LIFE752 Computational Biology Analysis And Interpretation Assignment 1 RESIT – UK

Introduction :-
In this assessment you will need to perform an analysis of a dataset containing gene expression measurements. This dataset includes patients that have two different subt ypes of brain tumour. These datasets will give different results to the datasets used in the practicals. We are interested in finding biomarkers that will distinguish the subtypes using a data driven approach. In subsequent parts of the assessment you will use a similar dataset to generate biological networks and assess the enrichment of biological functions and pathways.
LIFE752 Computational Biology Analysis And Interpretation Assignment 1 RESIT – UK

LIFE752 Computational Biology Analysis And Interpretation Assignment 1

The assessment contains a mixture of practical exercises and short answer questions. You should write your answers to the questions in a document that you will then submit at the end of the resit assessment period. There are 8 questions in total. You should not need to write lengthy essay style answers for the short answer questions most points should be addressable with one or two paragraphs. Please pay attention to the word limit for each question.

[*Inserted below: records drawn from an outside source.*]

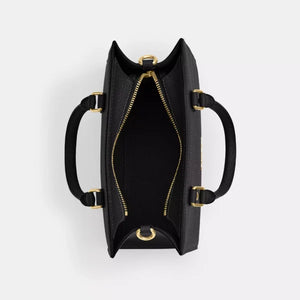 Coach Maggie Small Tote Bag Black - Image 5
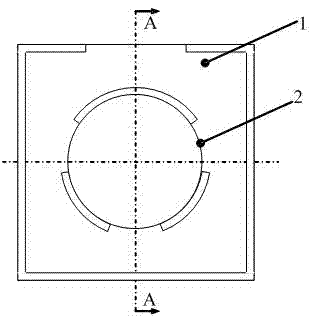 Split plate for casting aluminum alloy composite round ingot blank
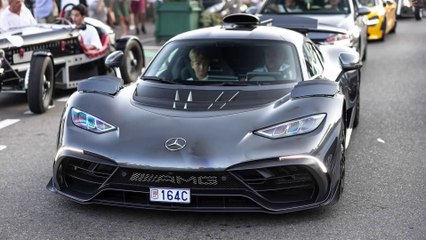 Christijan Albers driving his Mercedes-AMG One in Monaco !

Consider when writing your responses that this is a scientific assessment and as such you should use appropriate terminology presentation of figures and/or tables and references.

Good to know: the data has been pre-processed and can be considered normalised & ready to use.

What you will need for this assessment:
1.To have an up-to-date installation of R and RStudio on your computer. To have installed and loaded all the packages we needed during LIFE752 practical’s 1 and 2.
Note: If you have trouble with R and R Studio on your computer or other general computer problems there are plenty of computers available on campus.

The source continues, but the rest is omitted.